Los Angeles is often described as an atomized metropolis where it’s nearly impossible to build a sense of community. The sprawling geography (and soul-sucking traffic!) certainly present daunting challenges, but new albums by two very different L.A. musicians highlight some of the enduring creative networks thriving in the Southland.

Alex Cline

Percussionist/composer Alex Cline has been a quiet force on the L.A. scene for nearly four decades, and his sumptuous new double album Oceans of Vows (Cryptogramophone) flows from relationships that have defined his life (starting with his twin brother, guitarist Nels Cline). Long interested in setting the poetry of Vietnamese Buddhist monk and peace activist Thich Nhat Hanh and verses from the Avatamsaka Sutra to music, he created two expansive suites of five pieces each for the Flower Garland Orchestra, a 14-piece ensemble conducted by new music pianist Vicki Ray.

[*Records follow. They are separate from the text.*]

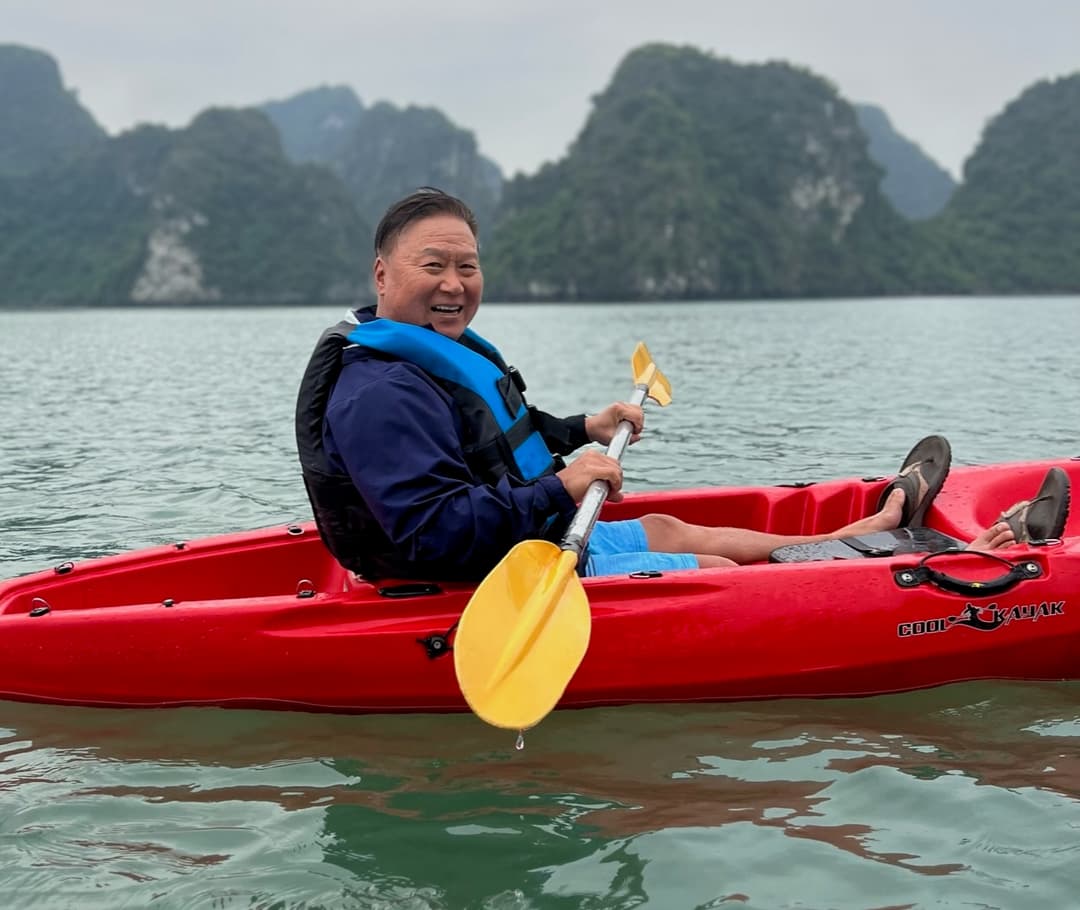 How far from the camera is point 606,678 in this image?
3.69 metres

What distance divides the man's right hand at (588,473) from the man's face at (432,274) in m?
0.53

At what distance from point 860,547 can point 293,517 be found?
3.86 m

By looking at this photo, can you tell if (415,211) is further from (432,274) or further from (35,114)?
(35,114)

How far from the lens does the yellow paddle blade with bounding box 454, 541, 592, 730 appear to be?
2.99 m

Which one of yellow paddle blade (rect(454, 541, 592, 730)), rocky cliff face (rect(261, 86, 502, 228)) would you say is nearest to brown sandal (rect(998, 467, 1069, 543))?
yellow paddle blade (rect(454, 541, 592, 730))

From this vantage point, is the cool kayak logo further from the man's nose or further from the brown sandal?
the man's nose

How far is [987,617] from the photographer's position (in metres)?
3.71

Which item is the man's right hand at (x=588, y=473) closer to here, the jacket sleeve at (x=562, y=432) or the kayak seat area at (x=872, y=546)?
the jacket sleeve at (x=562, y=432)

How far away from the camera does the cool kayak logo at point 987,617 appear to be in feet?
12.1

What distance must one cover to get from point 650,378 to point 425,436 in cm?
209

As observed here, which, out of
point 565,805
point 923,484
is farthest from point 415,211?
point 923,484

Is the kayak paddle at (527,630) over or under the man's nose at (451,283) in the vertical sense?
under

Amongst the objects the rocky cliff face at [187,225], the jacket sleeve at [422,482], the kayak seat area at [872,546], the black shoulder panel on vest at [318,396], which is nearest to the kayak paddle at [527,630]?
the jacket sleeve at [422,482]

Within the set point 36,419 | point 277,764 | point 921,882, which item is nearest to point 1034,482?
point 921,882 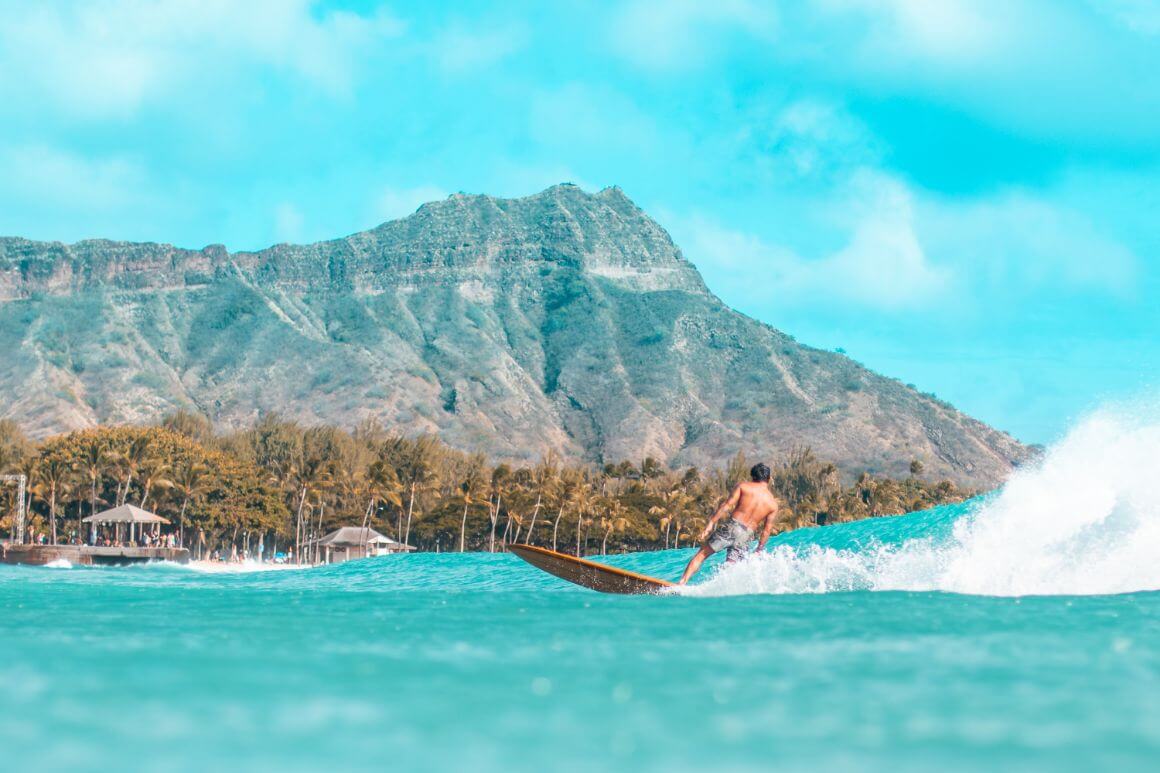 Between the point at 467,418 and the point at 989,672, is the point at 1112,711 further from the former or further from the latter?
the point at 467,418

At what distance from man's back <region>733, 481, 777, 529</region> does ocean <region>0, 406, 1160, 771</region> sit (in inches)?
31.5

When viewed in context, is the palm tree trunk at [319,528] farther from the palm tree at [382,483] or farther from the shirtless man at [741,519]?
the shirtless man at [741,519]

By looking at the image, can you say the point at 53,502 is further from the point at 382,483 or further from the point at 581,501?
the point at 581,501

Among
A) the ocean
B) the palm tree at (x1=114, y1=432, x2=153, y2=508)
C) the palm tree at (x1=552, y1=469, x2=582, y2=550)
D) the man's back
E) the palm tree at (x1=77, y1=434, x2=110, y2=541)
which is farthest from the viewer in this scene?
the palm tree at (x1=552, y1=469, x2=582, y2=550)

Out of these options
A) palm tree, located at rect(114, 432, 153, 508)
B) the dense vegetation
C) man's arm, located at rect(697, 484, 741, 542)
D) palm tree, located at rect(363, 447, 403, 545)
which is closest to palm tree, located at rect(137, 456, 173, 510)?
the dense vegetation

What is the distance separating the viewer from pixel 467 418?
176250mm

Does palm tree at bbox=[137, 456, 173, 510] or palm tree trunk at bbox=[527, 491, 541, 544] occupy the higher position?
palm tree at bbox=[137, 456, 173, 510]

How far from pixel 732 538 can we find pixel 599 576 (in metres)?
2.34

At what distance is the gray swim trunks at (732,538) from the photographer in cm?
1659

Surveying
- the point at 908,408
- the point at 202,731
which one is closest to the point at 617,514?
the point at 202,731

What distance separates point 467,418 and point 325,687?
168509 millimetres

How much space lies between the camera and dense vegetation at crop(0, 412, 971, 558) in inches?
3248

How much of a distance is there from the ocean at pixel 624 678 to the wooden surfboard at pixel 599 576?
2.58 ft

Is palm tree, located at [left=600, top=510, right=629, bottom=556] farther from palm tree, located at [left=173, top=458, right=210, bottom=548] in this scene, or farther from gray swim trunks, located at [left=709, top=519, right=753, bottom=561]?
gray swim trunks, located at [left=709, top=519, right=753, bottom=561] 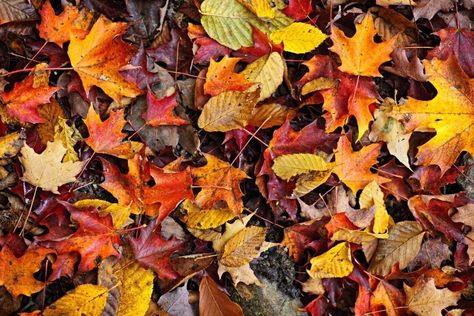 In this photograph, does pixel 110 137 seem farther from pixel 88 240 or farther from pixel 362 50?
pixel 362 50

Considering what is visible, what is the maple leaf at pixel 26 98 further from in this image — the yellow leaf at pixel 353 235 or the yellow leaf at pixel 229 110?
the yellow leaf at pixel 353 235

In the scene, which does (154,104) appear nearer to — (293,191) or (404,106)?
(293,191)

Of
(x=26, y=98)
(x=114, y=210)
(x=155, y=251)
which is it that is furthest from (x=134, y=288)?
(x=26, y=98)

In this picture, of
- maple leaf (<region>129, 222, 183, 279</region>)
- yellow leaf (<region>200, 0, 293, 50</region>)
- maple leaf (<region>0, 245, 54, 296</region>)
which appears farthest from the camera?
yellow leaf (<region>200, 0, 293, 50</region>)

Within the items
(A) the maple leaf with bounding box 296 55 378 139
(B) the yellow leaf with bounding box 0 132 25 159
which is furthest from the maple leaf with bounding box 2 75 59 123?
(A) the maple leaf with bounding box 296 55 378 139

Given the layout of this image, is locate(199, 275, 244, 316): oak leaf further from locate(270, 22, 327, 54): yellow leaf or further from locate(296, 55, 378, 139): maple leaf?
locate(270, 22, 327, 54): yellow leaf

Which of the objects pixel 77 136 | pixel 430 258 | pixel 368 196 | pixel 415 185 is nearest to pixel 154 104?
pixel 77 136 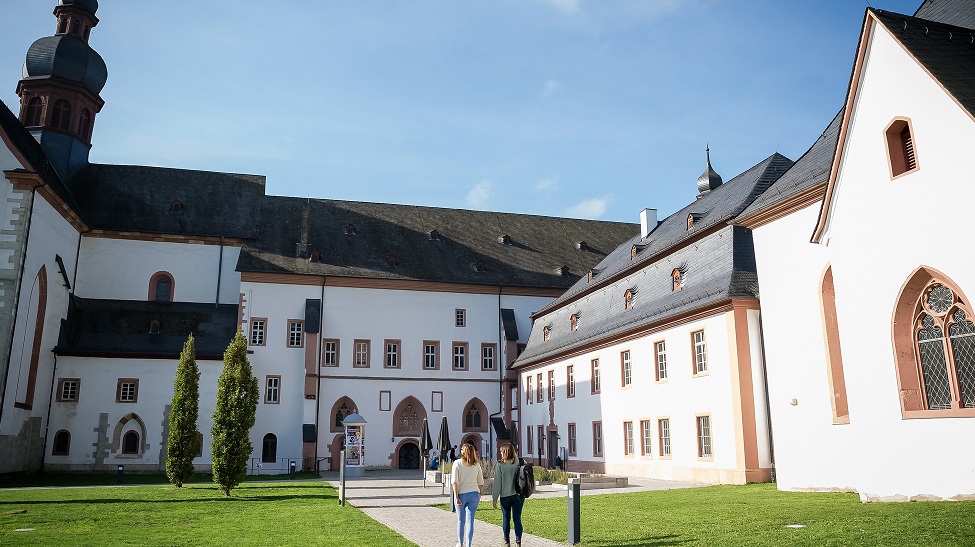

The music takes some patience. The forms are long and often develop slowly, with improvised stretches emerging seamless from the thrumming orchestrations. I love the way Cline uses twinned instrumentation. Every player has a counterpart. There’s Nels Cline and GE Stinson’s guitars, the electric violins of Jeff Gauthier and Miguel Atwood-Ferguson, and the keyboards of Wayne Peet and Yuka Honda, though Chi Li’s traditional Chinese instruments (two-string erhu, lower-pitched zhonghu, and zither-like zheng) stand out strikingly in the mix. The crystalline vocalist, Areni Agbabian, delivers the lyrics at an incantatory tempo and adds wordless vocal textures.


Meditative, roiling and shimmering, the music draws you in, and often arrives at a breathtaking plateau. Enlightenment may not arrive with Atwood-Ferguson’s final solo on the nearly 23-minute closing piece, “The Ten Great Aspirations of Samantabhadra Bodhisattva,” but I felt like I’d completed a rewarding journey.

Cameron Graves

Atwood-Ferguson doesn’t play on pianist/composer Cameron Graves’ debut album “Planetary Prince” (Mack Avenue), but as a Kendrick Lamar collaborator he’s one point of connection between Graves’ West Coast Get Down and Cline’s crew. Like Cline, Graves has surrounded himself with artists he’s been making music with his whole life, and it shows.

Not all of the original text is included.